But the ordinarily well-financed Club hasn't yet met with a lot of luck in trying to drum up support for this assault; the Washington Post reports that "some top GOP financiers" are worried that such an effort could "backfire." Of course it would! Everyone who tries to come at Trump sooner or later finds out that he's rubber and they're glue—very bouncy India rubber and very sticky Krazy Glue.

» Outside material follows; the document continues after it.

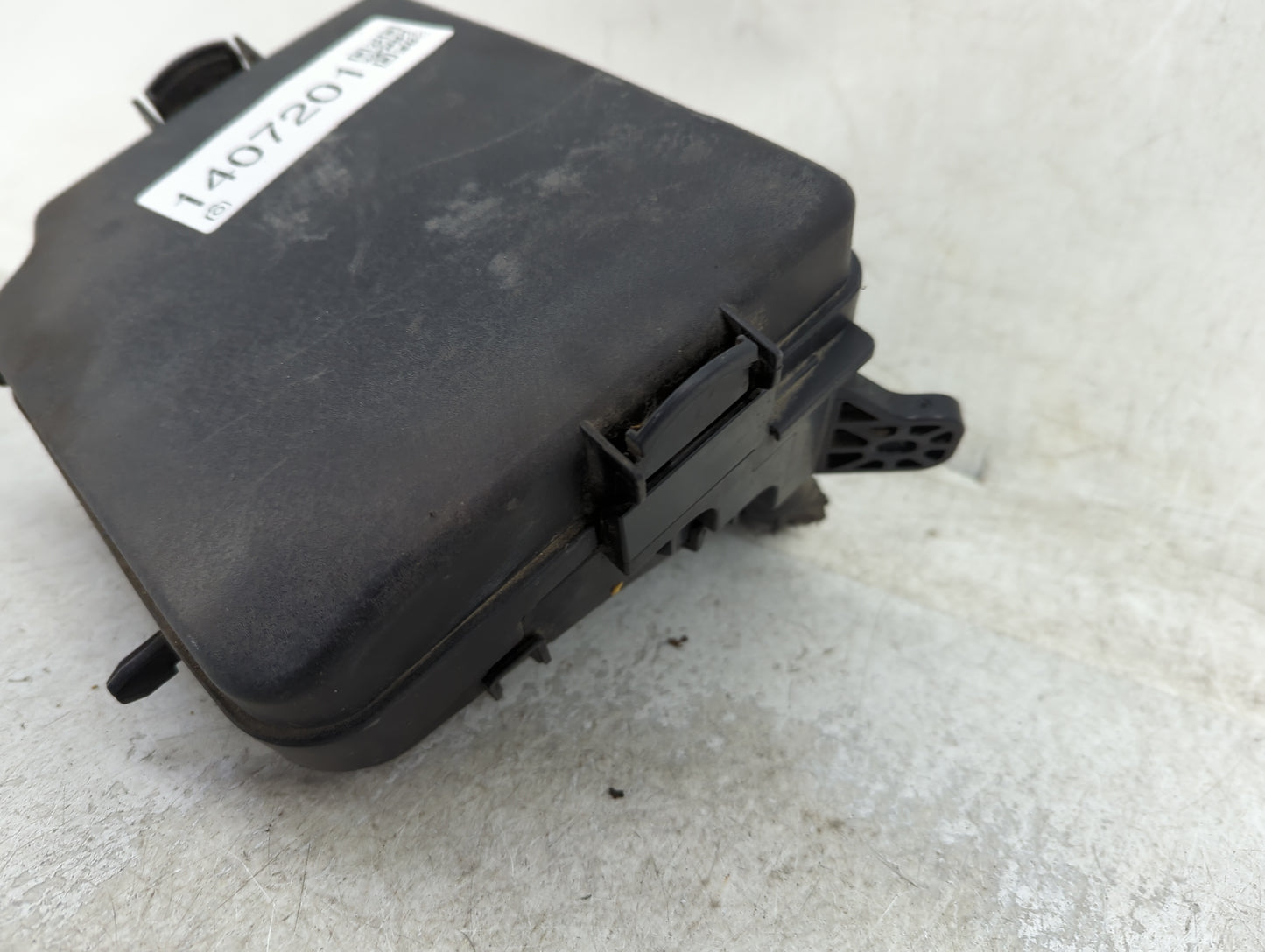 2014-2015 Hyundai Elantra Fusebox Fuse Box Panel Relay Module P/N:91239 A5325 Fits Fits 2014 2015 OEM Used Auto Parts - Oemu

There's also another, much deeper problem that the Club faces, one that Michael Lind explores in a penetrating new piece in Politico Magazine: Their extremist views on the size and role of government are not popular, particularly among the oft-misunderstood segment of the GOP base known as the tea party. Lind's summation is spot-on:
The success of Trump's campaign has, if nothing else, exposed the Tea Party for what it really is; Trump's popularity is, in effect, final proof of what some of us have been arguing for years: that the Tea Party is less a libertarian movement than a right-wing version of populism. Think William Jennings Bryan or Huey Long, not Ayn Rand. Tea Partiers are less upset about the size of government overall than they are that so much of it is going to other people, especially immigrants and nonwhites. They are for government for them and against government for Not-Them.
Trump is a perfect tribune for modern-day right-wing populism, and his message has propelled him to stratospheric heights in the polls and the public consciousness. The fact that there is no "Club for Growth" candidate earning a rabid following by spreading the gospel of low taxes and low spending should tell the Club all it needs to know about how successful they're likely to be if they try to challenge Trump head-on.

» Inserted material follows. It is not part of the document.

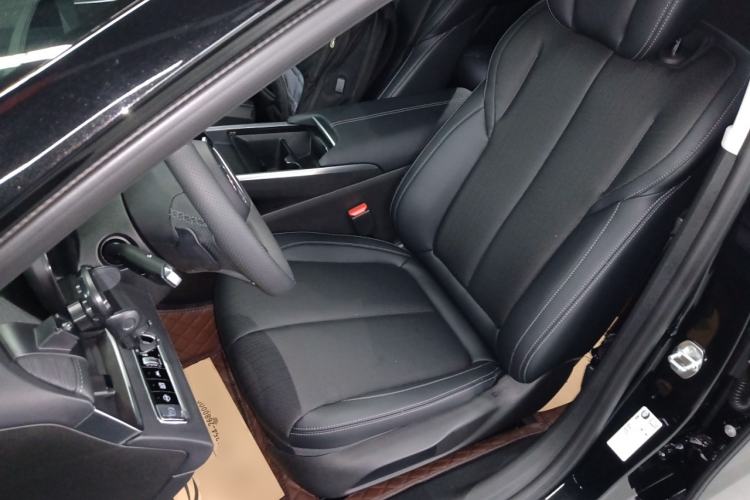 Used Buick LaCrosse 2025 28T Platinum Edition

It's quite ironic that the Club for Growth, which has long made life difficult for the Republican establishment by pushing candidates too far to the right, is now trying to rescue that same establishment from a candidate who, at least on matters financial, is well to the left of where the pluto-kleptocrats who run the GOP want the party to be. But now well-heeled gadflies like the Club and bog-standard Republicans like Jeb Bush are united in a shared mission: stop this fucking comb-overed maniac from destroying us.
As Jeb's experience—as everyone's experience—has shown so far, good luck with that. Trumpism is way more popular than Clubism, and you simply cannot shout The Donald down. The Republican Party has conned its core voters for years, but now they're dealing with a messenger who's telling rank-and-file conservatives what they actually want to hear, not what big business likes to pretend they want to hear. Trump's calling bullshit on the entire GOP edifice. Whether they put up their dukes or fold meekly, the Club is screwed either way.